A batalha pela luz

A guerra para conseguir ler dentro da prisão depois que as luzes eram apagadas

Na guerra para conseguir ler dentro da prisão depois que as luzes eram apagadas, valia tudo: velas que chegaram a incendiar livros, gambiarras para acender pequenas lâmpadas, TVs usadas como abajur...

Durante décadas luz foi privilégio para mim. Na fase mais fértil de minha luta por saber, a batalha pela luz foi um dos episódios que mais exigiu de minha paciência e criatividade. Havia tempo. Estava condenado a mais de cem anos de prisão. Os livros não eram tão difíceis. A prisão possuía algumas estruturas que permitiam crer em recuperação social do homem aprisionado. A biblioteca tinha quase tudo o que havia de melhor. Todos os clássicos, por exemplo. Ainda era costume que nossos familiares e amigos nos presenteassem com livros.

Um dos problemas eram os guardas. Quando revistavam minha cela, queriam examinar livro por livro. Eles não gostavam. Briguei por décadas para manter os volumes em minha cela. Eles se revoltavam e levavam. Eu ia à diretoria e trazia de volta. Virou rotina. Até se convencerem de que nunca diminuiriam meu ânimo. Então deixaram que eu respirasse em paz.

Disposição não me faltava. Durante o dia trabalhava, não tinha muito tempo para ler. Mas, às 21h30, batiam os malditos sinos. Nove pancadas simultâneas de cada um dos três. Detonava na mente. Era o silêncio. Apagavam as luzes das celas, e só as das galerias ficavam acesas.

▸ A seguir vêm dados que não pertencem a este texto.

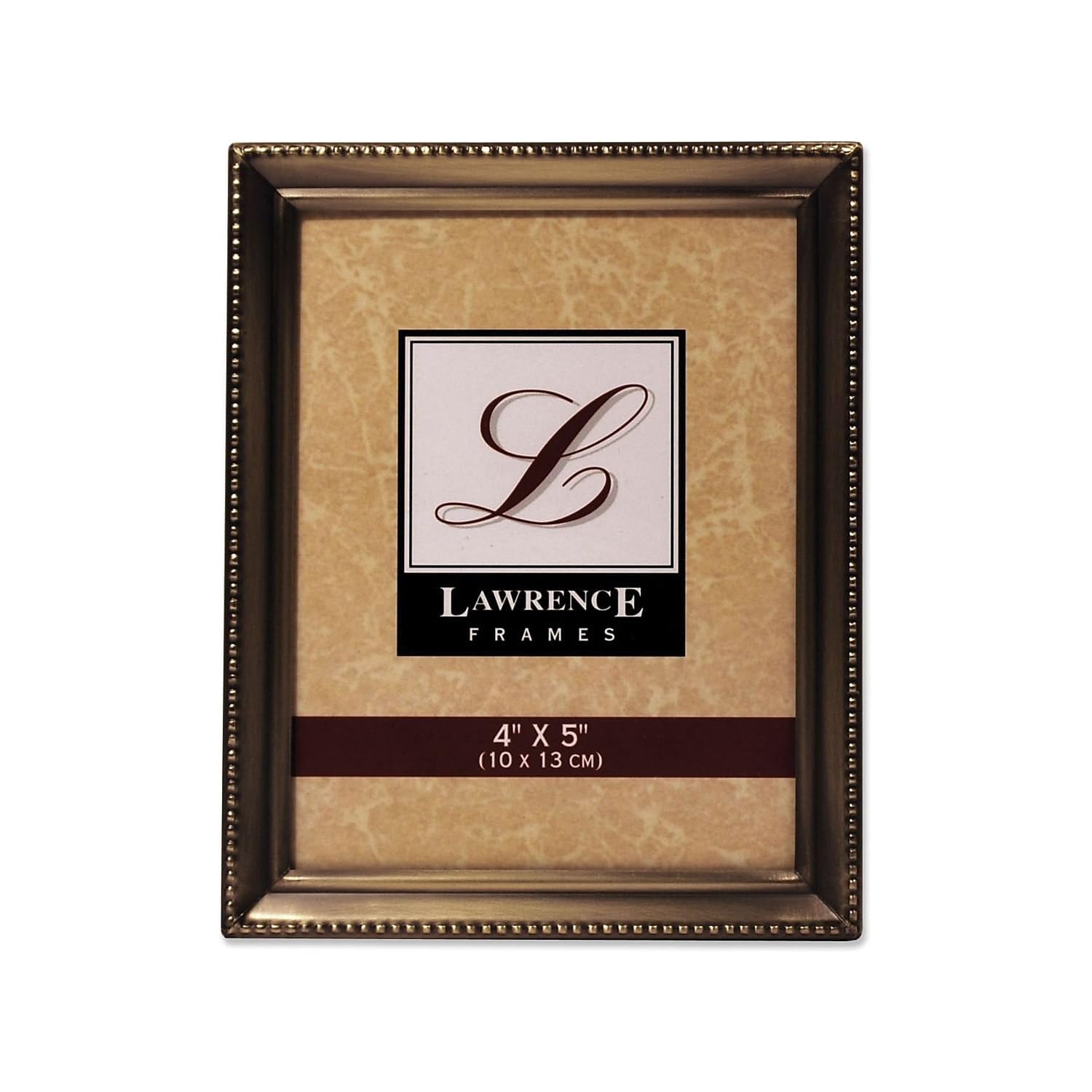 Lawrence Frames Bead Border Design, 4x5, Satin Gold
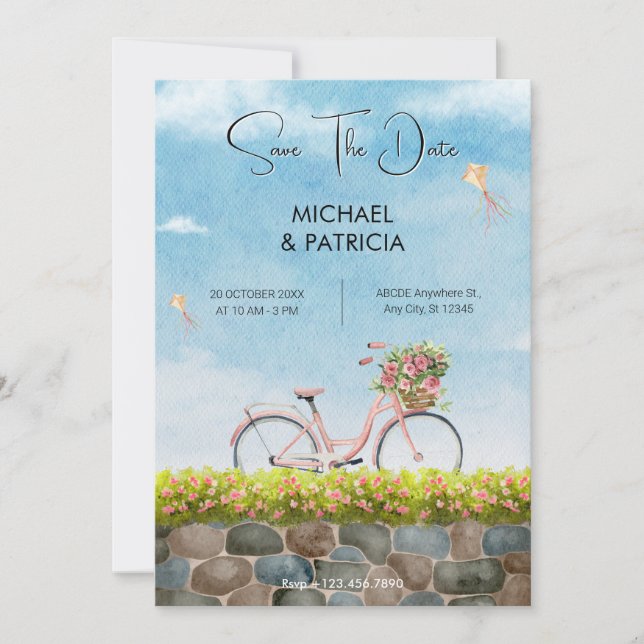 Save The Date Paysage de mariage à vélo sous le ciel bleu  (Devant)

Olhava fixo na lâmpada esperando apagar. Era mágico. De repente a realidade sumia. Não havia mais nada. E eu me perguntava se alguma coisa existia realmente. Questionava quão relativa é nossa percepção de mundo. Sem luz não temos ideia da realidade. Mas com a luz será que a realidade é exatamente como nos parece? Porque, de verdade, nós só captamos reflexos do que existe. Só vemos o exterior, a forma. O conteúdo nos foge. Precisamos recorrer a outros meios de leitura para conhecê-lo. Acabei concluindo que a luz media o diálogo entre nós e o objeto. O resultado é o conhecimento.

Quando apagavam as luzes, eu era apenas um ignorante que buscava saber avidamente. Havia pouco tempo no dia para domesticar minha estupidez. Era proibido ter qualquer tipo de arranjo ou aparelho que nos fornecesse luz na cela. Silêncio era para calar até a alma. Se nos pegassem com algum artefato proibido, seria um mês em cela forte. A reincidência pagava dobrado. E ia dobrando. Nunca desisti. Vivia comprando velas e pequenas lâmpadas dos funcionários.

Vela era perigoso. Iluminava tudo, e os vigilantes poderiam perceber. Era preciso dirigir o foco de luz. Às vezes o livro pegava fogo, eu tinha que abafar com o cobertor... Ou então juntava um monte de pilhas pequenas (era permitido rádio de uma faixa) e as adaptava para acender uma lâmpada. Em último caso, até uma pequena lamparina improvisada com algodão e cera de costurar bola quebrava um galho.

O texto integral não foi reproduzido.